▽

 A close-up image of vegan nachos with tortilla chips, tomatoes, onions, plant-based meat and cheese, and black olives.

△
▽

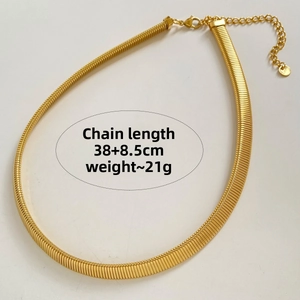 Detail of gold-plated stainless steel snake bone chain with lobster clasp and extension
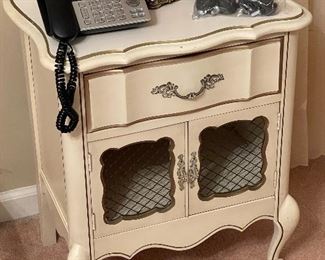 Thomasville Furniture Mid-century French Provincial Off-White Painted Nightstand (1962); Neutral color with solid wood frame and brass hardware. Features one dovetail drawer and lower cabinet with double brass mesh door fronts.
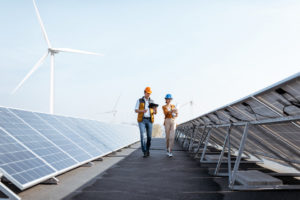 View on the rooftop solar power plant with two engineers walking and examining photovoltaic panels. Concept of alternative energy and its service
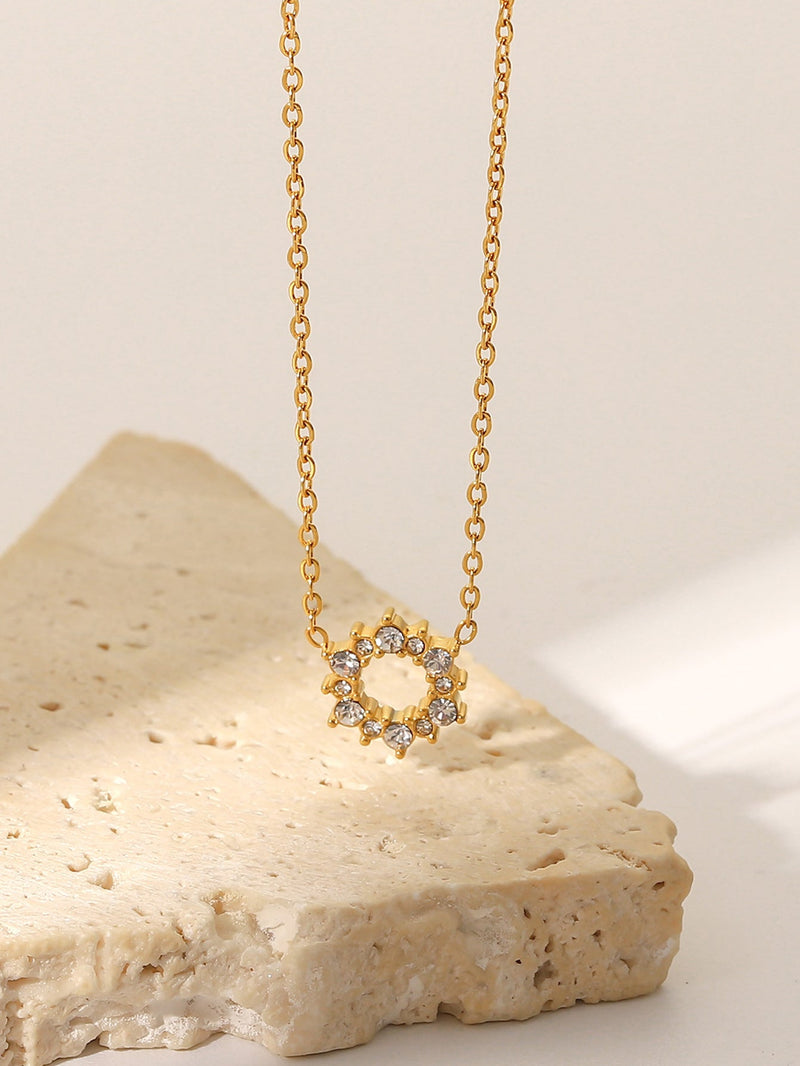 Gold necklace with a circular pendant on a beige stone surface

△
▽

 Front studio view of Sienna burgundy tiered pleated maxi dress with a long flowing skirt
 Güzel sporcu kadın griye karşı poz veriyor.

△

* _Problem statement_:
Set down again, exactly, every line above from the one with "Detail of gold-plated" down to the one with "Gold necklace with", both ends included. No pictures, and nothing else.

* _Answer for this exercise_:
 Detail of gold-plated stainless steel snake bone chain with lobster clasp and extension
 Thomasville Furniture Mid-century French Provincial Off-White Painted Nightstand (1962); Neutral color with solid wood frame and brass hardware. Features one dovetail drawer and lower cabinet with double brass mesh door fronts.
 View on the rooftop solar power plant with two engineers walking and examining photovoltaic panels. Concept of alternative energy and its service
 Gold necklace with a circular pendant on a beige stone surface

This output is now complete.